Pemahaman Penegak Hukum terhadap Kasus Anak Masih Minim
Oleh
RHAMA PURNA JATI
·3 menit baca
PALEMBANG, KOMPAS — Jumlah aparat penegak hukum yang mengerti tentang penanganan kasus anak di Indonesia masih minim. Diperlukan pelatihan bagi aparat penegak hukum, termasuk pemangku kepentingan, agar penanganan kasus tepat.
Sekretaris Jaksa Agung Muda Tindak Pidana Umum Suhardi, dalam diskusi publik ”Penguatan Koordinasi Antarlembaga Penegak Hukum” yang digelar Kedutaan Besar Denmark dan Program Pembangunan Perserikatan Bangsa-Bangsa (UNDP) di Palembang, Selasa (17/4/2018), mengatakan, saat ini hanya ada 2.000 aparat penegak hukum, mulai dari kepolisian, hakim, hingga jaksa, dan pekerja sosial yang mendapatkan sertifikat terkait penanganan kasus yang melibatkan anak.
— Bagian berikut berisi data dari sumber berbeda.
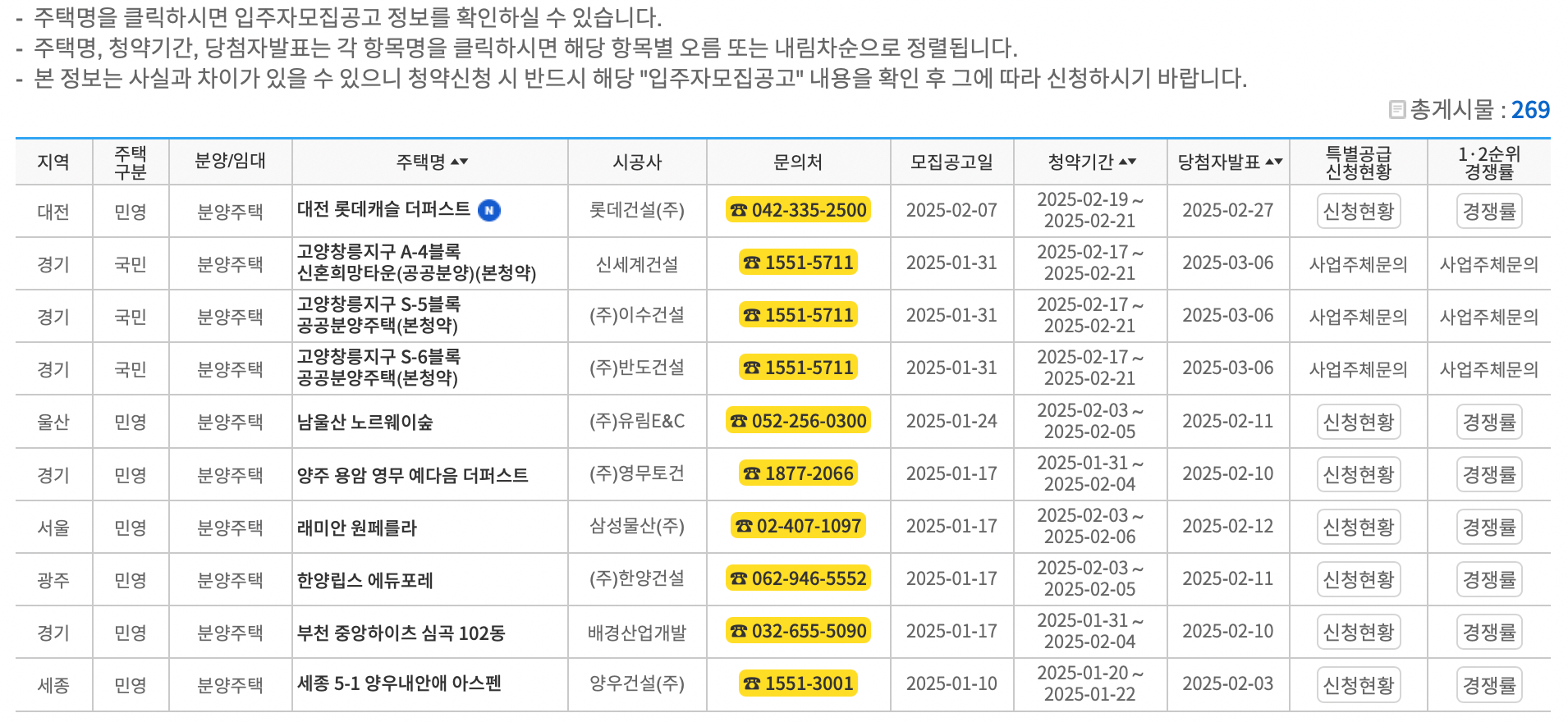 주택청약-경쟁률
Jumlah ini masih timpang jika dibandingkan dengan perkembangan kasus yang melibatkan anak di Indonesia saat ini.
”Setidaknya, dibutuhkan sekitar 5.000 aparat penegak hukum yang memang diedukasi untuk menangani kasus anak,” ujar Suhardi.
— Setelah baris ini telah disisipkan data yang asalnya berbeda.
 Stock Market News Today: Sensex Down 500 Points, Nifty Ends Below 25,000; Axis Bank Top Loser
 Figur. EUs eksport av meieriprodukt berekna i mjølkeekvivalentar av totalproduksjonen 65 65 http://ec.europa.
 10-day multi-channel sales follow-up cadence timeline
Proses sosialisasi dan edukasi kepada aparat penegak hukum harus terus dilakukan karena penanganan perkara yang melibatkan anak tidak bisa disamakan dengan kasus pidana biasa. Misalnya, dalam pengadilan anak, hakim dan jaksa tidak boleh mengenakan pakaian seragam. Pelaku anak dan korban pun harus didampingi pembimbing kemasyarakatan dalam menjalani prosesnya.
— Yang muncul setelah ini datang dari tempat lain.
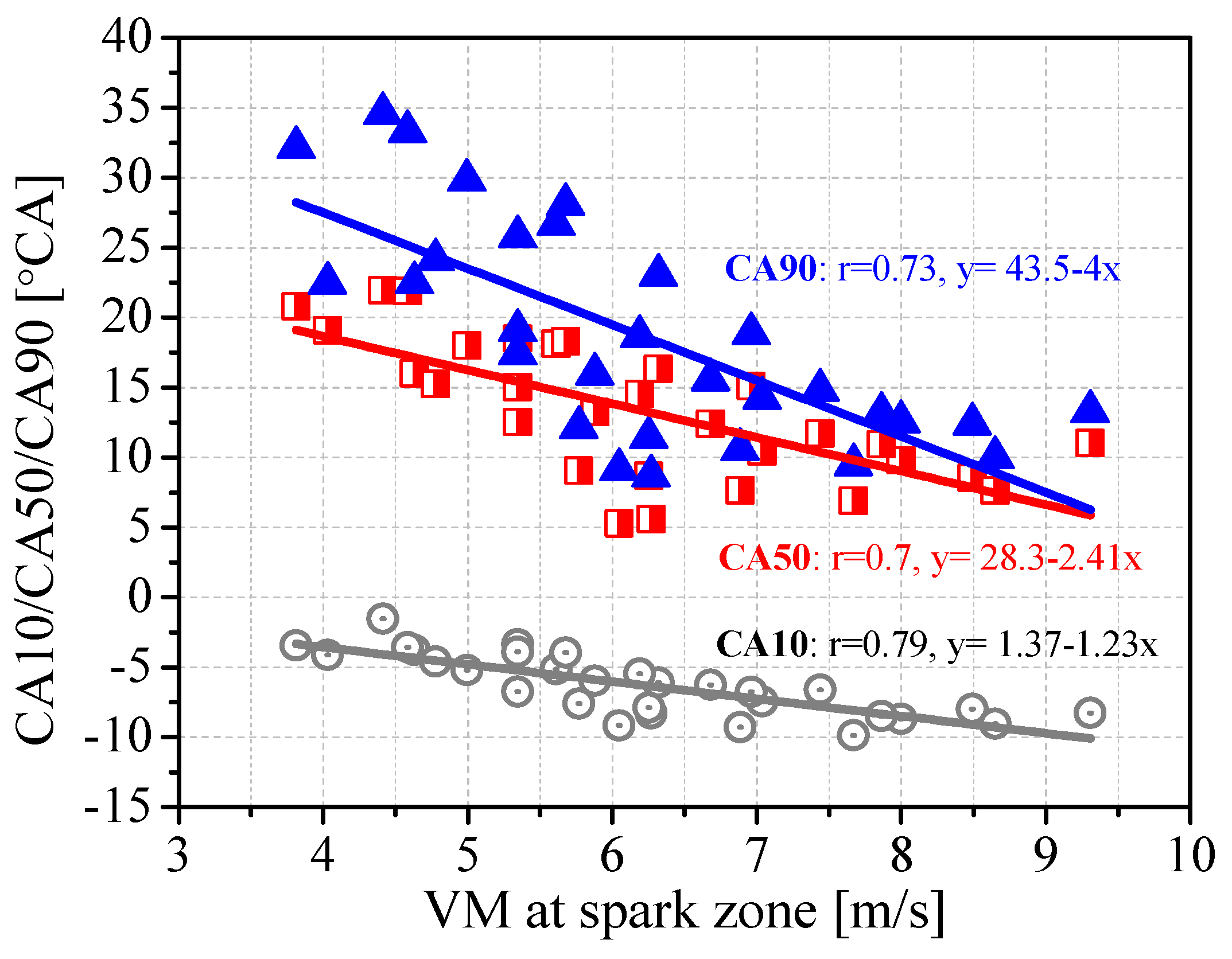 Energies 15 04478 g009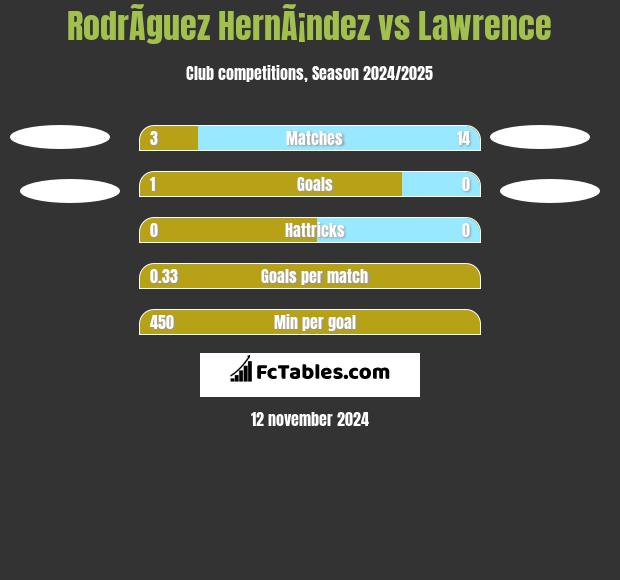 RodrÃ­guez HernÃ¡ndez vs Lawrence h2h player stats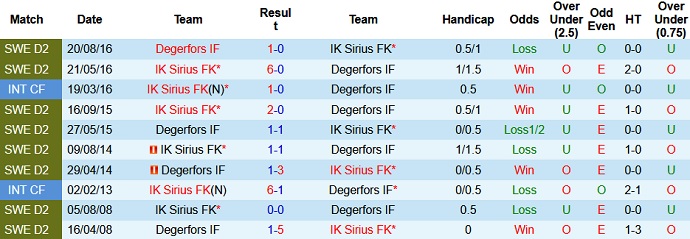 Nhận định, soi kèo Sirius vs Degerfors, 22h30 ngày 24/7 - Ảnh 3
Bahkan, pelaku anak dan korban juga tidak boleh berada di satu ruangan karena bisa saja memengaruhi kesaksian. ”Intinya, anak tidak boleh dijadikan obyek hukum. Hukuman pun tidak harus tertuju pada pemenjaraan,” ujarnya.
Saat ini, lanjut Suhardi, pihaknya bersama instansi terkait masih merancang prosedur standar operasi (SOP) penanganan kasus anak. Tujuannya, untuk meningkatkan keadilan yang restoratif melalui integrasi antarpihak.
Anggota Kelompok Kerja Perempuan dan Anak Mahkamah Agung, Diah Sulastri Dewi, menuturkan, setelah Undang-Undang Nomor 11 Tahun 2012 tentang Sistem Peradilan Pidana Anak diterbitkan, jumlah anak yang masuk dalam jeruji besi berkurang signifikan. Sebelumnya, 6.700 anak masuk penjara pada 2011, saat ini jumlahnya hanya sekitar 3.000 anak.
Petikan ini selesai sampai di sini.